The search strategy uses no problem-specific knowledge.

Informed search

the search strategy uses problem-specific knowledge to find solutions more efficiently.

Greedy best-first search

The search algorithm expands the node that is closest to the goal, as estimated by a heuristic function h(n).

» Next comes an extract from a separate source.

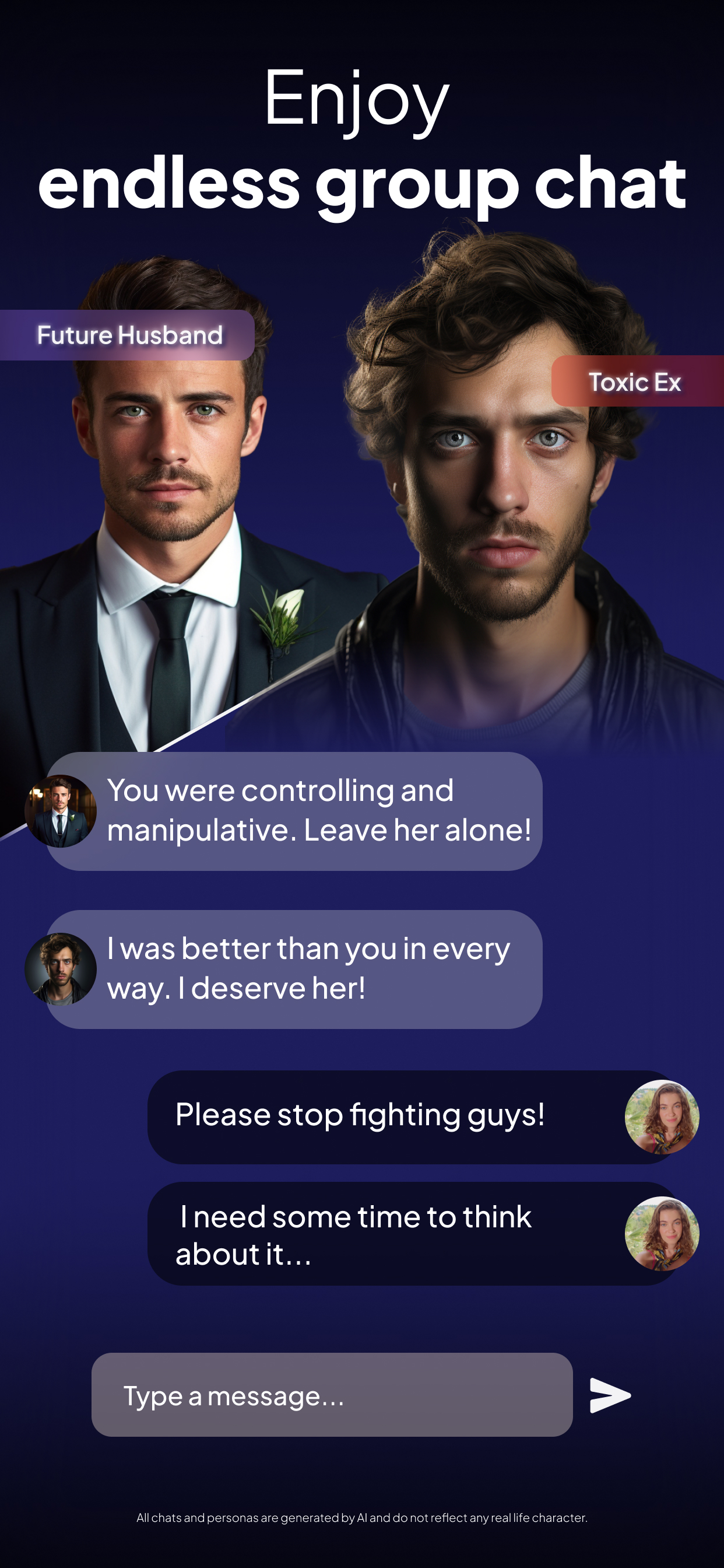 اسکرین شات 5 برنامه Charsis: AI Character Chat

heuristic function: proceeding to a solution by trial and error or by rules that are only loosely defined.

A* search

search algorithm that expands node with lowest value of g(n) + h(n).

g(n): cost to reach node

h(n): estimated cost to goal

  • Optimal if

    • h(n) is admissible (never overestimates the true cost), and
    • h(n) is consistent (for every node n and successor n' with step cost c, h(n) ≤ h(n') + c)

Adversarial search

Adversarial search is used to find a way to win state for the agent itself. Also means defeating the adversary agent.

Minimax

The Minimax Algorithm is used to solve the adversarial search problem.

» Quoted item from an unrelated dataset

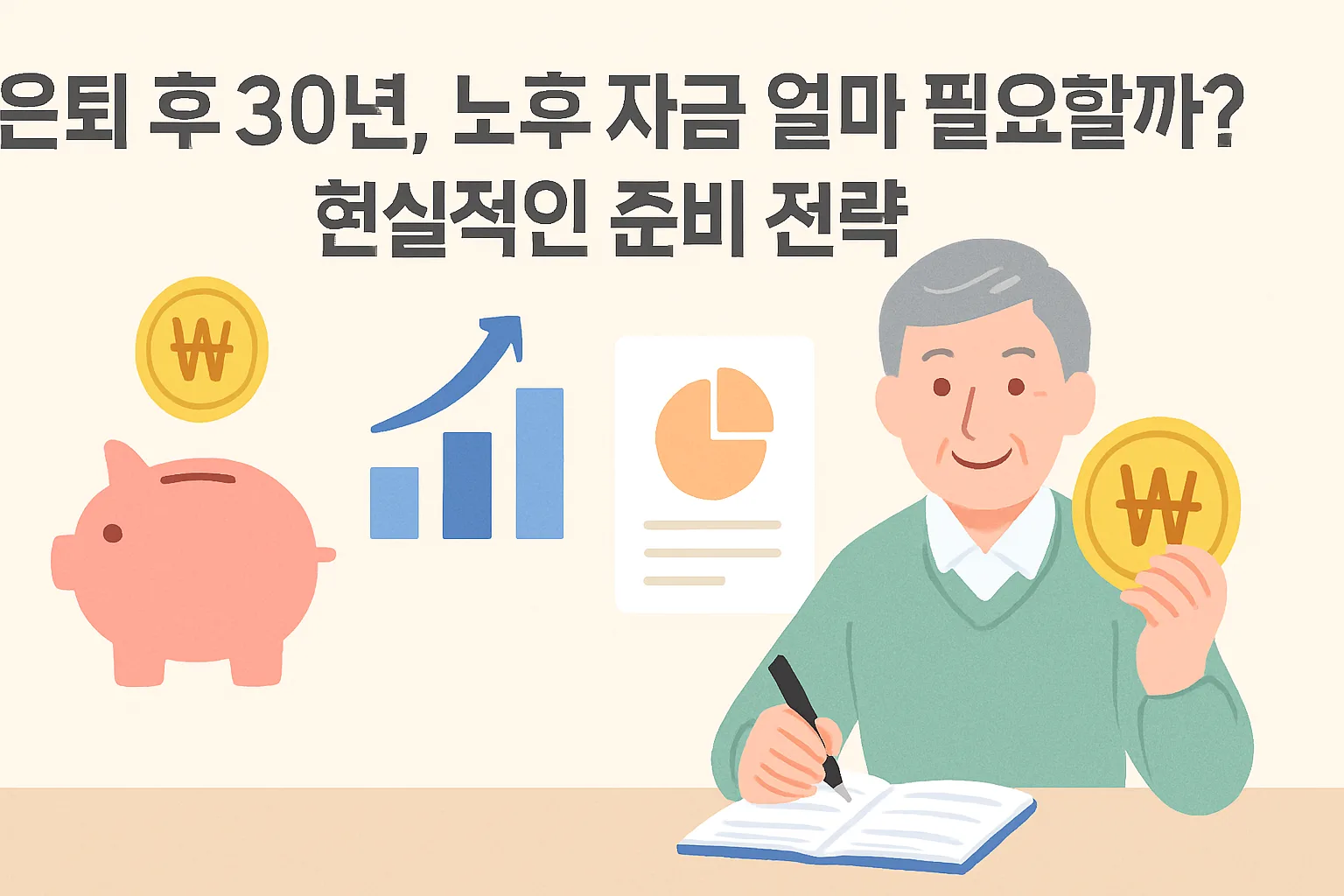 은퇴 후 30년, 노후 자금 얼마 필요할까? 현실적인 준비 전략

Minimax has two functions:

  • MAX(X): aims to maximize score.
  • MIN(O): aims to minimize score.

We have a game to learn the minimax algorithm:

The game has five functions:

  • S1: initial state
  • PLAYER(s): returns which player to move in state s
  • ACTIONS(s): returns legal moves in state s
  • RESULT(s, a): returns state after action a taken in state s
  • TERMINAL(s): checks if state s is a terminal state
  • UTILITY(s): final numerical value for terminal state

The problem-handling logic of the Minimax uses the following methods:

  • Given a state s:

    • MAX picks action a in ACTIONS(s) that produces highest value of MIN-VALUE(RESULT(s, a))
    • MIN picks action a in ACTION(s) that produces smallest value of MAX-VALUE(RESULT(s, a))

MAX-VALUE(state) like this:

 function MAX-VALUE(state):
     if TERMINAL(state):
         return UTILITY(state)
     v = negativeInfinity
     for action in ACTIONS(state):
         v = MAX(v, MIN-VALUE(RESULT(state, action)))
     return v

MIN-VALUE(state) like this:

 function MIN-VALUE(state):
     if TERMINAL(state):
         return UTILITY(state)
     v = infinity
     for action in ACTIONS(state):
         v = MAX(v, MAX-VALUE(RESULT(state, action)))
     return v

Optimization

...

Alpha-Beta Pruning

...

Depth-Limited Minimax

...

Evaluation function

The function that estimates the expected utility of the game from a given state.